_Data shown:_
BEGIN

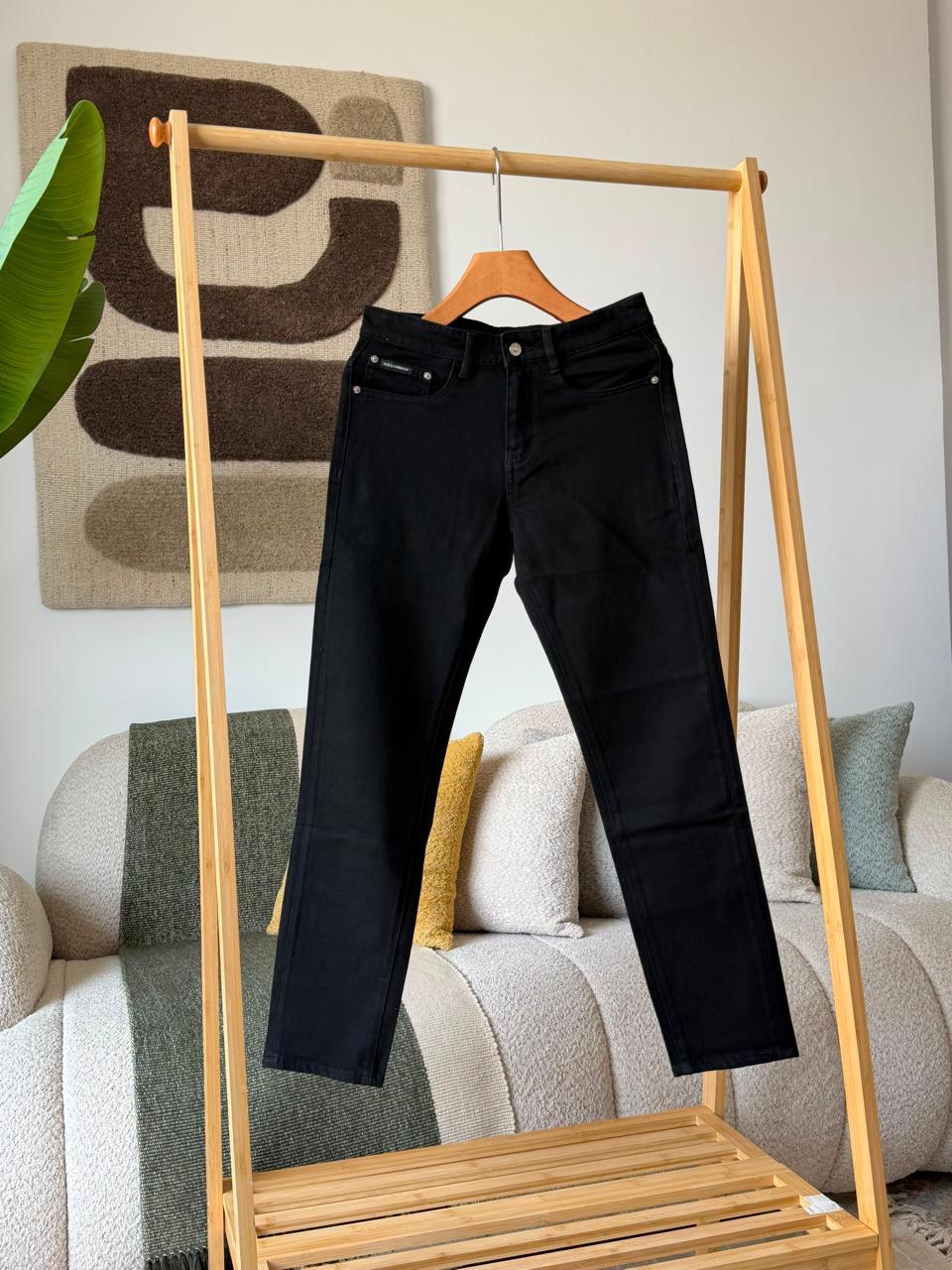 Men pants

END
BEGIN

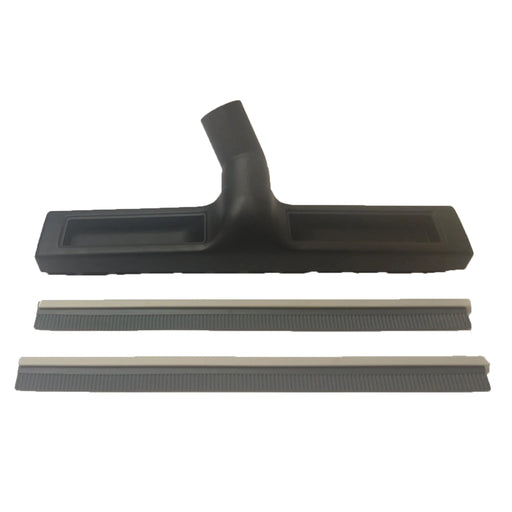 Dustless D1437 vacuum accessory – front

END
BEGIN

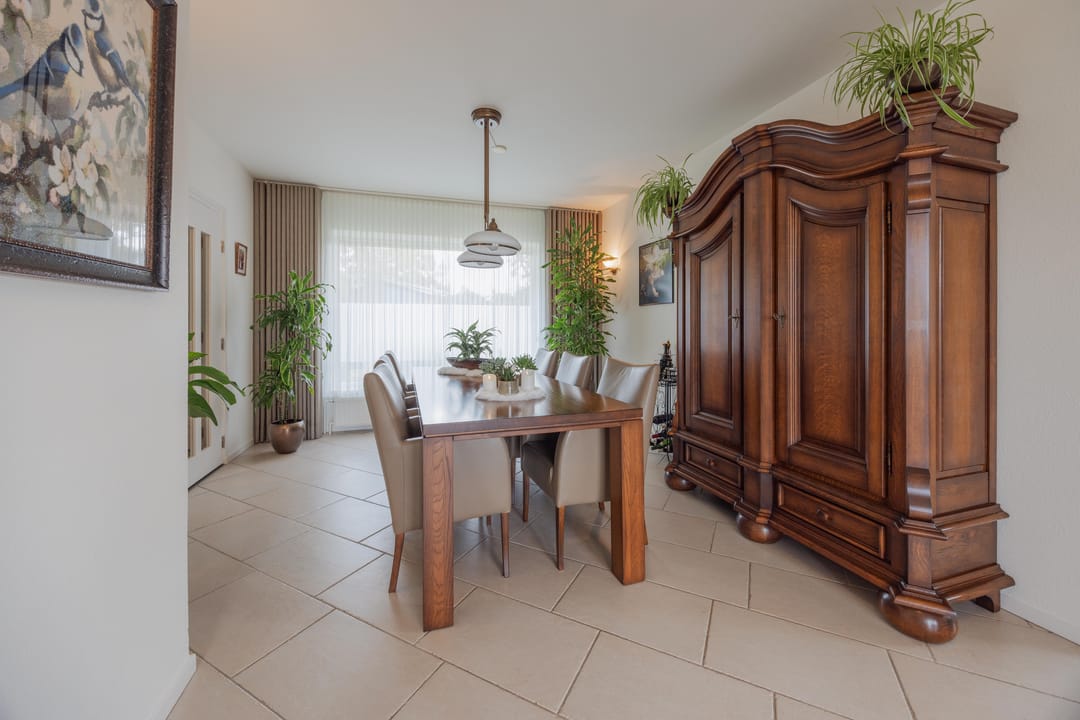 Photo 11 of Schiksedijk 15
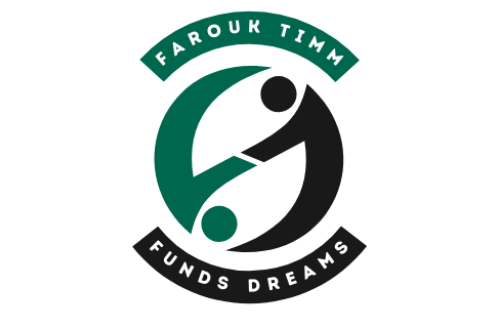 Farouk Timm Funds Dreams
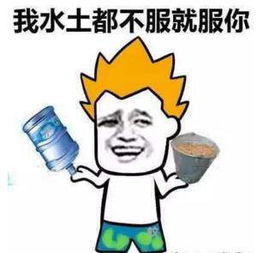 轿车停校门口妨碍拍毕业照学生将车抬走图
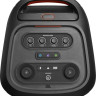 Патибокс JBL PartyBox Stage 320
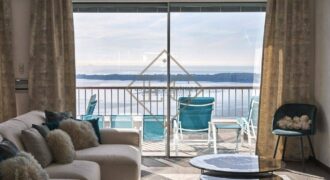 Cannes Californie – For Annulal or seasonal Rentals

END

_Problem to work on:_ All lines above starting at the one with "Патибокс JBL PartyBox Stage 320" and ending at the one with "Cannes Californie –", inclusive, are to be printed again exactly, with the pictures left out.

_Your solution:_
 Патибокс JBL PartyBox Stage 320
 Cannes Californie – For Annulal or seasonal Rentals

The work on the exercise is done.